**Aim of the exercise:** Give back every record below word for word, with the pictures omitted.

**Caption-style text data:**
————

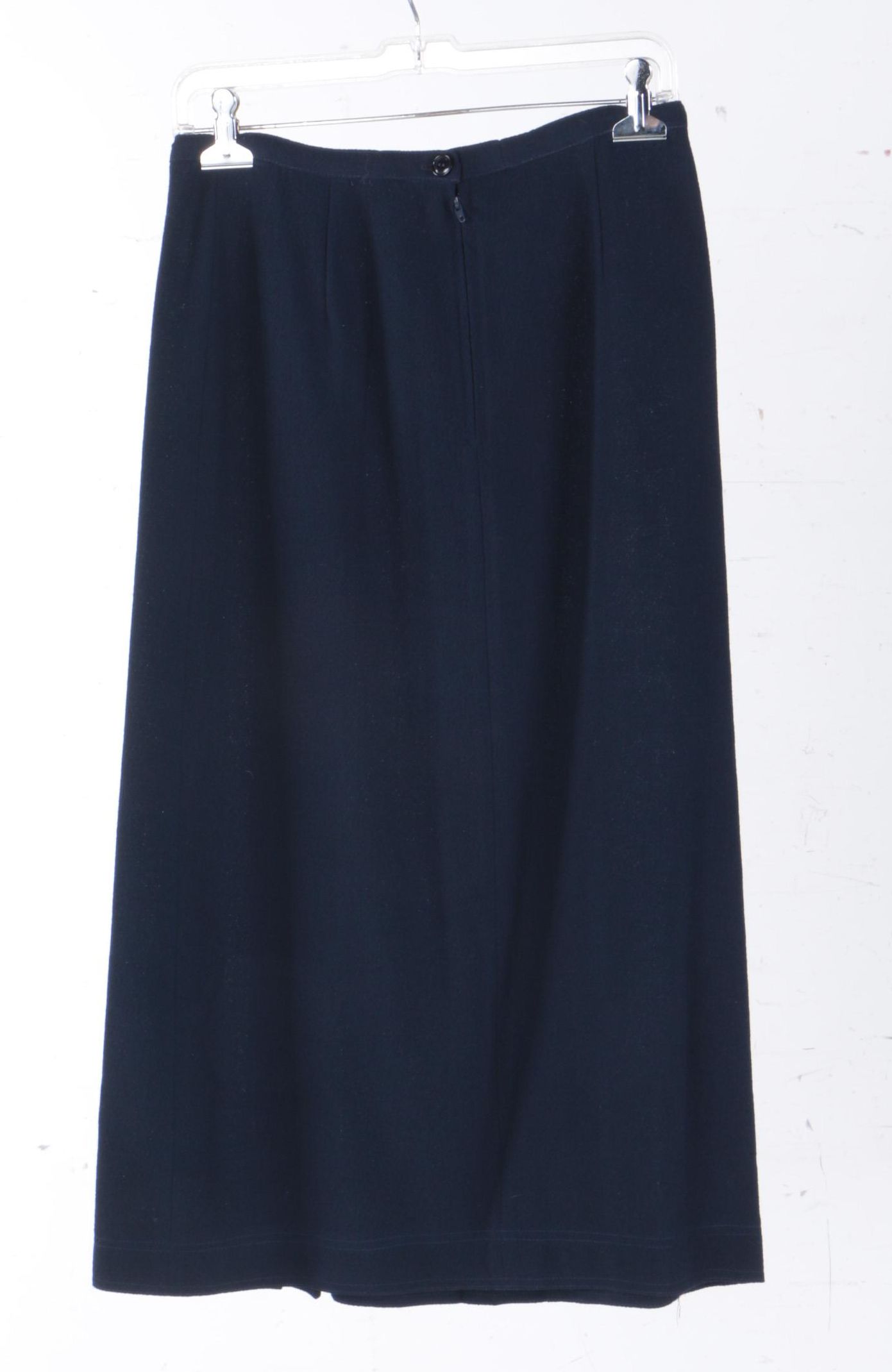 Skirts Including Jean Muir, Nolan Miller, and Oliver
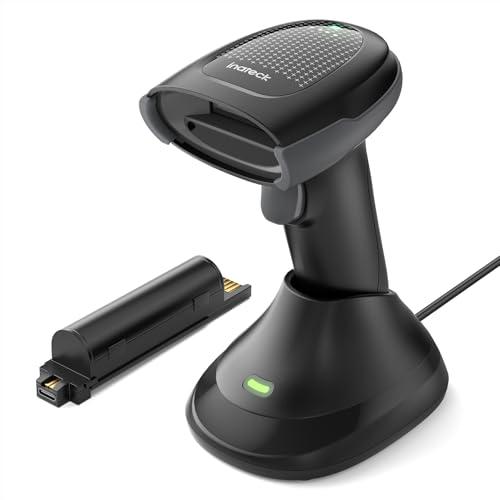Skaner Barkodesh Inateck Pro 170B N6050 / 1D / USB 2.0 / 200 skanime/s / 30 cm / 1.8 m - Zezë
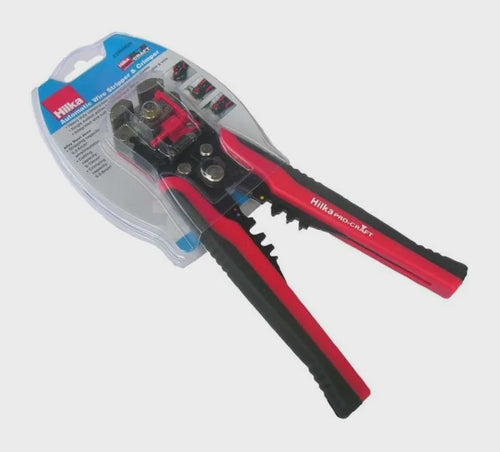 Hilka Automatic Wire Stripper & Crimper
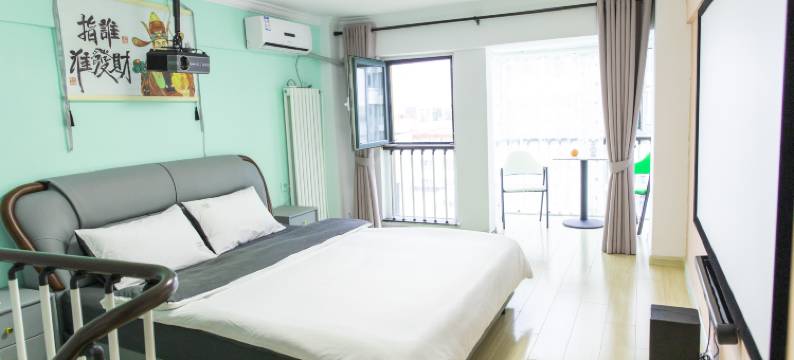 陌野影宿艺术民宿图片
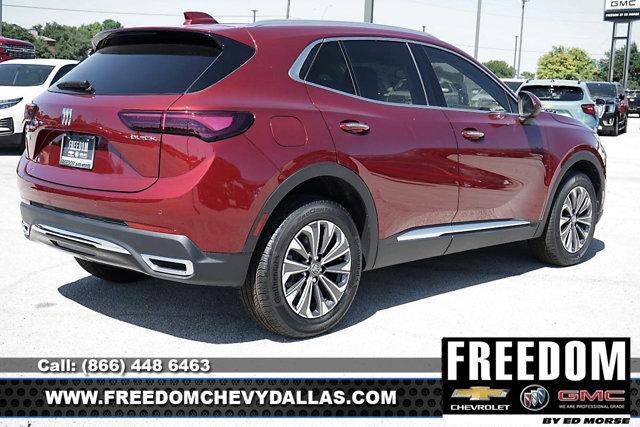 2024 Buick Envision Preferred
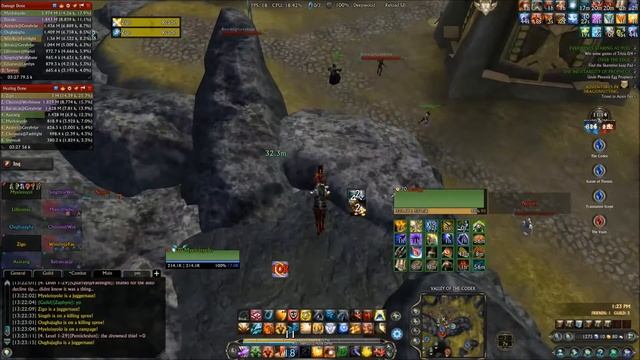 Rift PvP 4.0 Drunk cleric pew pew смотреть онлайн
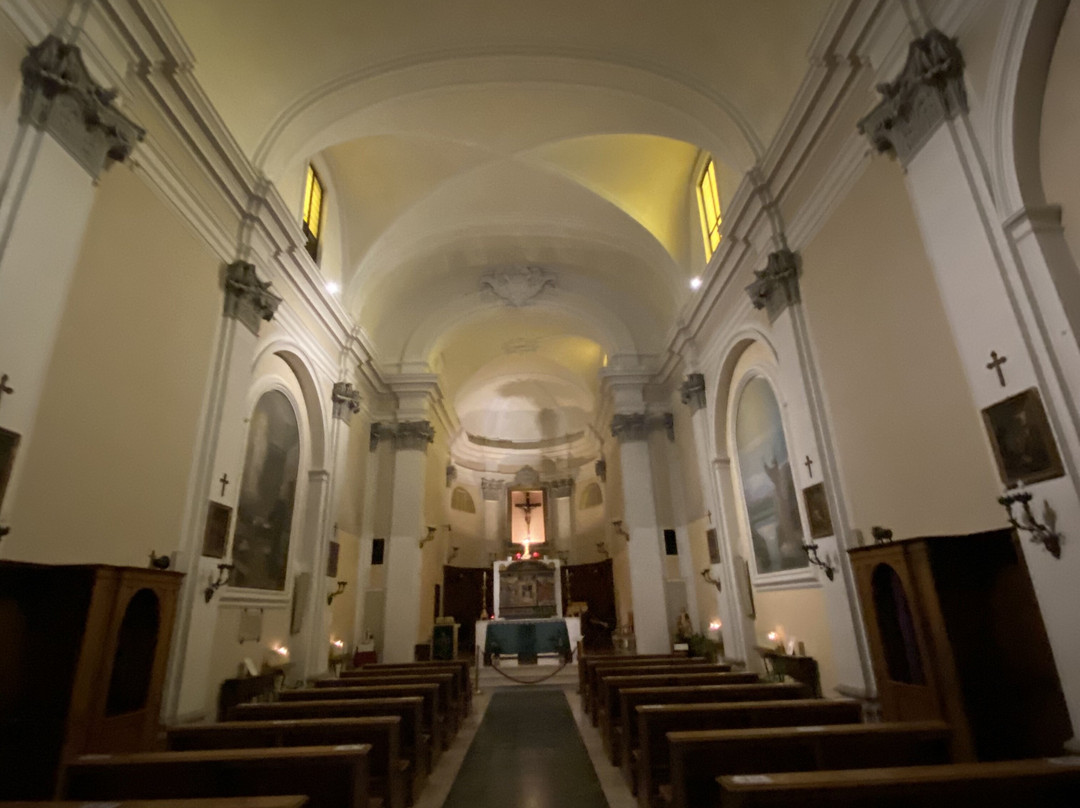 Chiesa di San Francesco-圣马力诺城必去景点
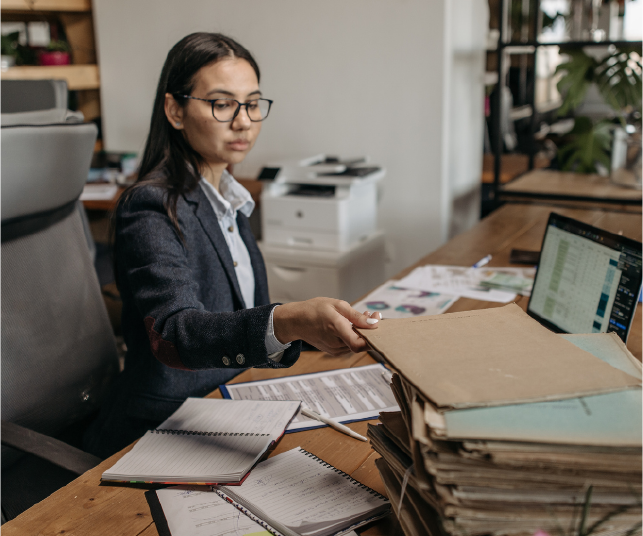 Operaciones Auxiliares De Servicios Administrativos Y Generales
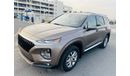 Hyundai Santa Fe Limited Push start leather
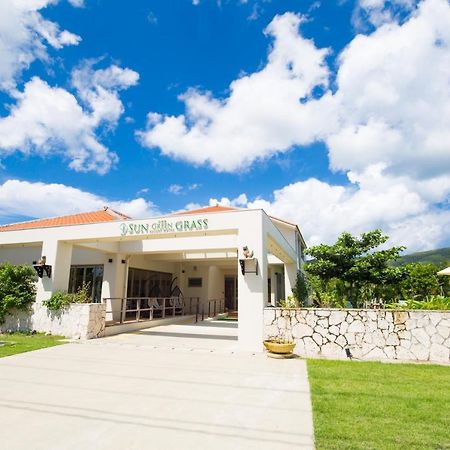 Sun Green Resort Hotel Ishigaki Ishigaki  Ngoại thất bức ảnh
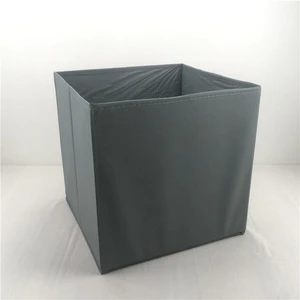 OYUE custom made  20-35L Square portable storage box with open front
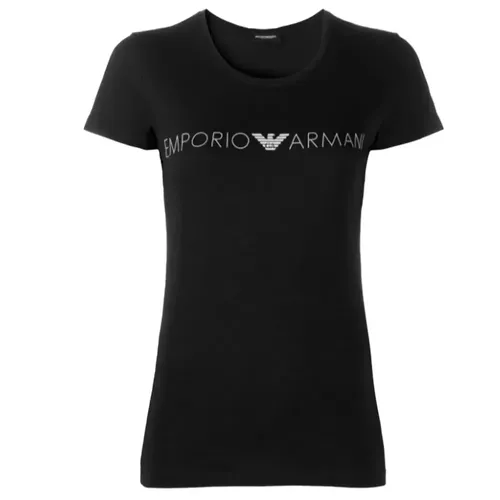 T shirt Classic logo - Emporio Armani - Modalova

————

**Worked solution:**
 Skirts Including Jean Muir, Nolan Miller, and Oliver
Skaner Barkodesh Inateck Pro 170B N6050 / 1D / USB 2.0 / 200 skanime/s / 30 cm / 1.8 m - Zezë
 Hilka Automatic Wire Stripper & Crimper
 陌野影宿艺术民宿图片
 2024 Buick Envision Preferred
 Rift PvP 4.0 Drunk cleric pew pew смотреть онлайн
 Chiesa di San Francesco-圣马力诺城必去景点
 Operaciones Auxiliares De Servicios Administrativos Y Generales
 Hyundai Santa Fe Limited Push start leather
 Sun Green Resort Hotel Ishigaki Ishigaki  Ngoại thất bức ảnh
 OYUE custom made  20-35L Square portable storage box with open front
 T shirt Classic logo - Emporio Armani - Modalova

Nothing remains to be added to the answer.